*** Task material

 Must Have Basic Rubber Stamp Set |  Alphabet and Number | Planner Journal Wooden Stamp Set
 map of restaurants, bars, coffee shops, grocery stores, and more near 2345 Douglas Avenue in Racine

******
*** Task material

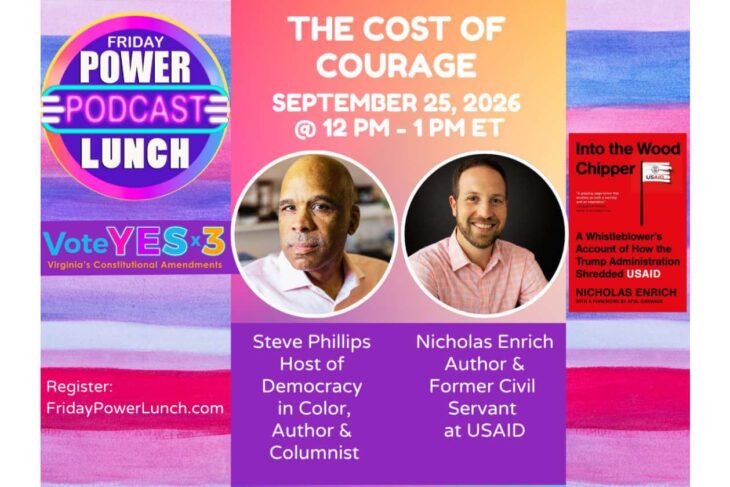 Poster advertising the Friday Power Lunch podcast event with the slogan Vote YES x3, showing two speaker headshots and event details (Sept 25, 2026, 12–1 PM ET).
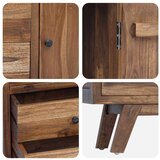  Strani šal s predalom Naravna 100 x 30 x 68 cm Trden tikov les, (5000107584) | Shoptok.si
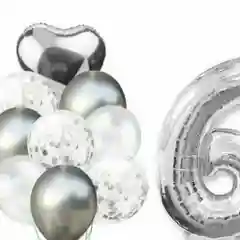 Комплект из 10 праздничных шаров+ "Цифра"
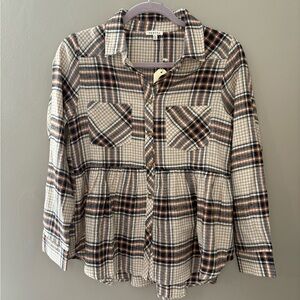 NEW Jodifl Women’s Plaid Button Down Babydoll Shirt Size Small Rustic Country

******

▶ Task goal
Please output the lines above beginning at the line with "Poster advertising the" and ending after the line with "NEW Jodifl Women’s", precisely as written and with no pictures.

▶ Answer to this exercise
 Poster advertising the Friday Power Lunch podcast event with the slogan Vote YES x3, showing two speaker headshots and event details (Sept 25, 2026, 12–1 PM ET).
  Strani šal s predalom Naravna 100 x 30 x 68 cm Trden tikov les, (5000107584) | Shoptok.si
 Комплект из 10 праздничных шаров+ "Цифра"
 NEW Jodifl Women’s Plaid Button Down Babydoll Shirt Size Small Rustic Country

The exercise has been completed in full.